AGATHA
Atendi o telefone, era a minha amiga Beatriz desejando falar comigo. Como somos muito amigas tirei um tempinho para ouvi-la, mas antes não tivesse dado atenção, pois a conversa girou em torno de sua vizinha Candinha, pura fofoca. Ah! Como me arrependi em dar trela pra ela. Logo me lembrei de minha finada vó Diana, quando alertava a nossa mãe para não dar ouvidos a vizinhas que ficavam o tempo todo debruçada na janela falando da vida alheia. Parece que cresci e não aprendi, mas fazer o quê, coitada vive sozinha sem ninguém para conversar.

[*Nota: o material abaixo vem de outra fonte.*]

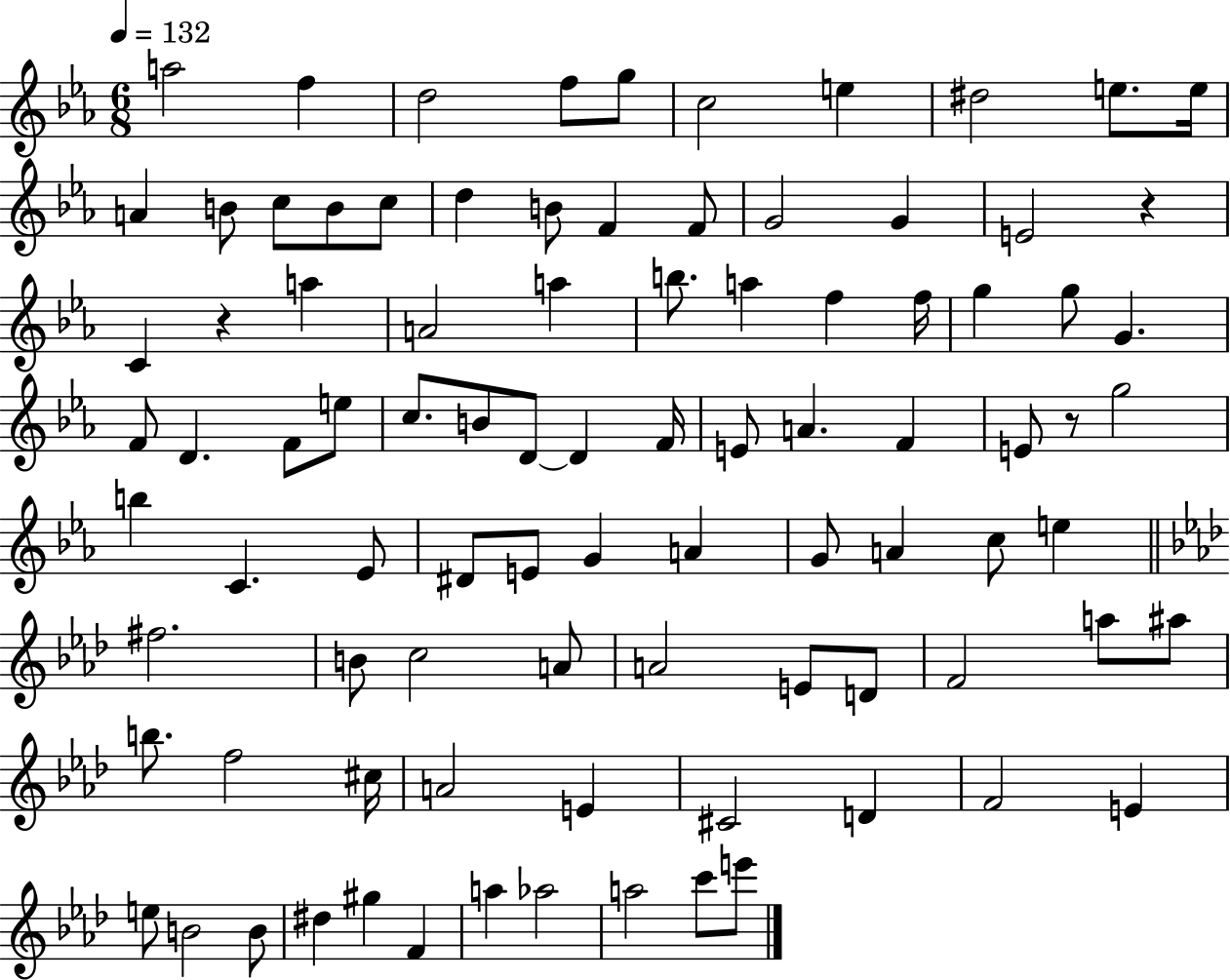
{
  \clef treble
  \numericTimeSignature
  \time 6/8
  \key ees \major
  \tempo 4 = 132
  \repeat volta 2 { a''2 f''4 | d''2 f''8 g''8 | c''2 e''4 | dis''2 e''8. e''16 | \break a'4 b'8 c''8 b'8 c''8 | d''4 b'8 f'4 f'8 | g'2 g'4 | e'2 r4 | \break c'4 r4 a''4 | a'2 a''4 | b''8. a''4 f''4 f''16 | g''4 g''8 g'4. | \break f'8 d'4. f'8 e''8 | c''8. b'8 d'8~~ d'4 f'16 | e'8 a'4. f'4 | e'8 r8 g''2 | \break b''4 c'4. ees'8 | dis'8 e'8 g'4 a'4 | g'8 a'4 c''8 e''4 | \bar "||" \break \key aes \major fis''2. | b'8 c''2 a'8 | a'2 e'8 d'8 | f'2 a''8 ais''8 | \break b''8. f''2 cis''16 | a'2 e'4 | cis'2 d'4 | f'2 e'4 | \break e''8 b'2 b'8 | dis''4 gis''4 f'4 | a''4 aes''2 | a''2 c'''8 e'''8 | \break } \bar "|."
}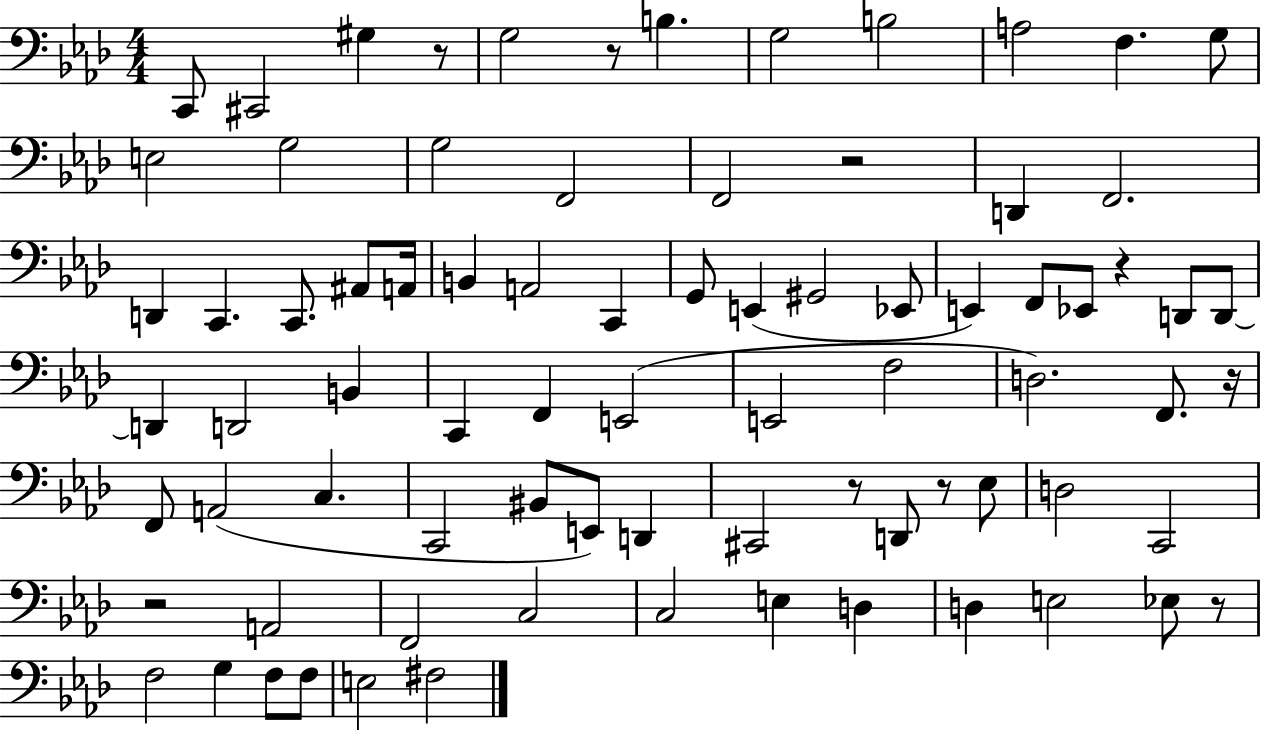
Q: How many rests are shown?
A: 9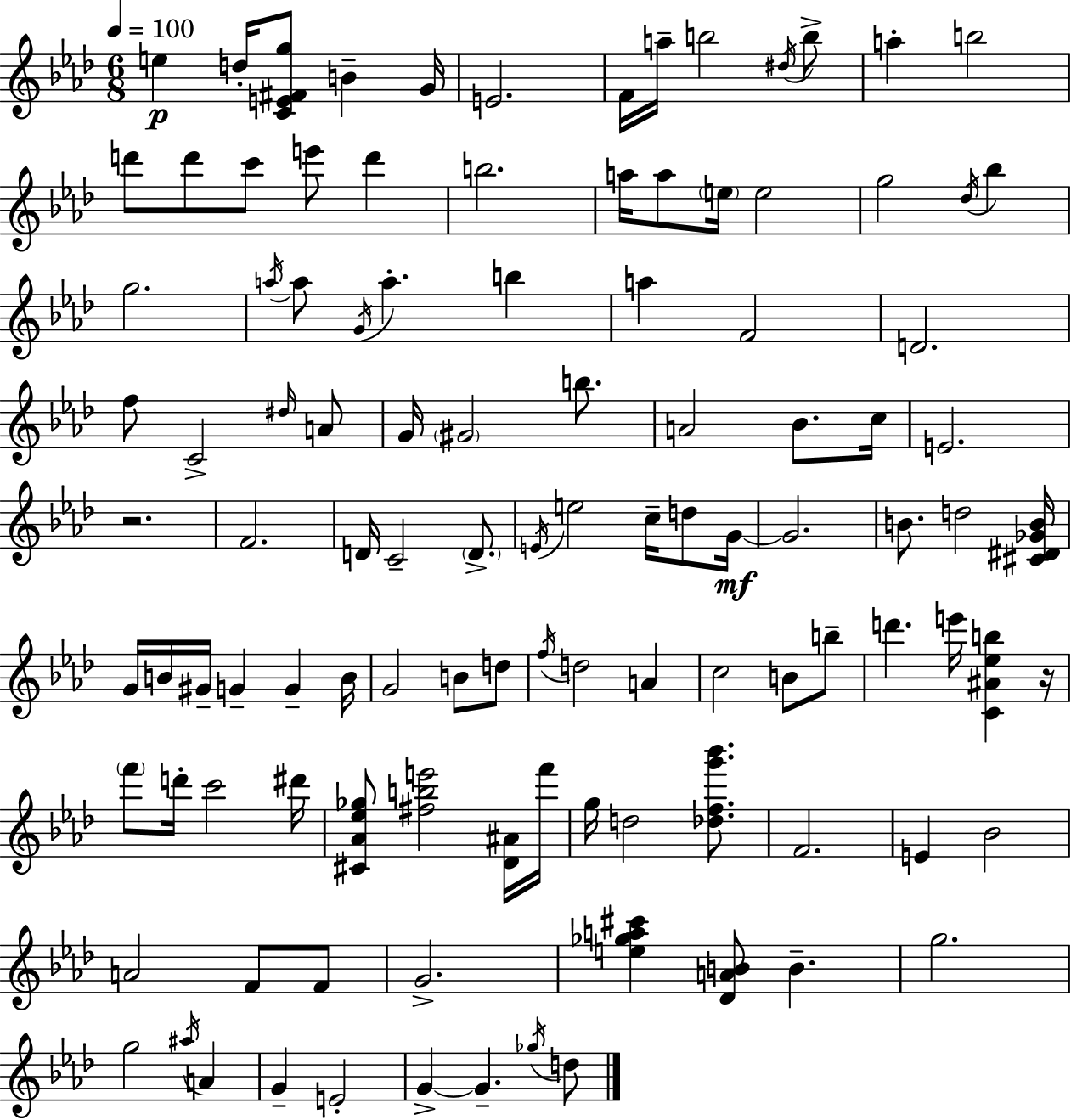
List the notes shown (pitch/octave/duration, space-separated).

E5/q D5/s [C4,E4,F#4,G5]/e B4/q G4/s E4/h. F4/s A5/s B5/h D#5/s B5/e A5/q B5/h D6/e D6/e C6/e E6/e D6/q B5/h. A5/s A5/e E5/s E5/h G5/h Db5/s Bb5/q G5/h. A5/s A5/e G4/s A5/q. B5/q A5/q F4/h D4/h. F5/e C4/h D#5/s A4/e G4/s G#4/h B5/e. A4/h Bb4/e. C5/s E4/h. R/h. F4/h. D4/s C4/h D4/e. E4/s E5/h C5/s D5/e G4/s G4/h. B4/e. D5/h [C#4,D#4,Gb4,B4]/s G4/s B4/s G#4/s G4/q G4/q B4/s G4/h B4/e D5/e F5/s D5/h A4/q C5/h B4/e B5/e D6/q. E6/s [C4,A#4,Eb5,B5]/q R/s F6/e D6/s C6/h D#6/s [C#4,Ab4,Eb5,Gb5]/e [F#5,B5,E6]/h [Db4,A#4]/s F6/s G5/s D5/h [Db5,F5,G6,Bb6]/e. F4/h. E4/q Bb4/h A4/h F4/e F4/e G4/h. [E5,Gb5,A5,C#6]/q [Db4,A4,B4]/e B4/q. G5/h. G5/h A#5/s A4/q G4/q E4/h G4/q G4/q. Gb5/s D5/e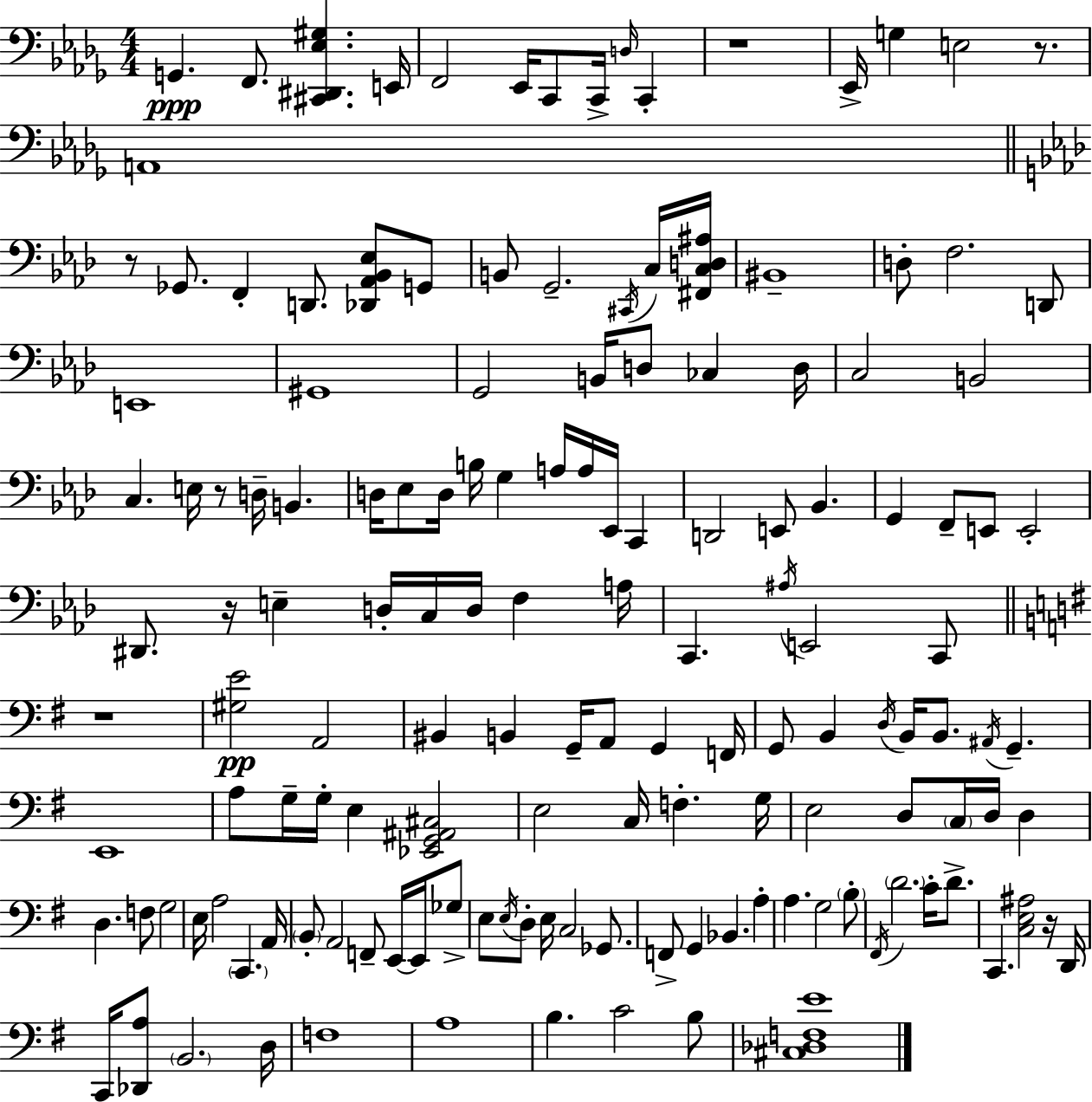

Outro dia o Enrico chegou todo faceirinho me elogiando, trazendo em suas mãos uma rosa de cor lilás, olhei diretamente em seus olhos e falei: ¬- tu não é disso, o que estás aprontando? Nunca me desse uma flor, nem do nosso jardim e agora me dás uma justamente desta cor? Logo hoje? Até parece que estás agourando alguma coisa. Só pra ti saber, quando eu era criança fui ao velório da dona Francisca, que Deus a tenha, e sabes qual a flor que ornava o seu caixão? Não sabes? Era rosa lilás e desde então tenho na minha cabeça que esta cor só se oferece a defunto. O danado me respondeu: - Oh! minha querida Agatha, não sabes que o lilás é uma cor delicada e feminina. Ela traz consigo, mistério e intuição, por isto estou te ofertando esta singela rosa lilás, pois traduz toda a tua essência, meu amor. Confesso que me emocionei com tal atitude e explicação, mas o tal mistério trazido por ela, esse não entendi... sorrateiramente saiu de fininho contando as horas no relógio...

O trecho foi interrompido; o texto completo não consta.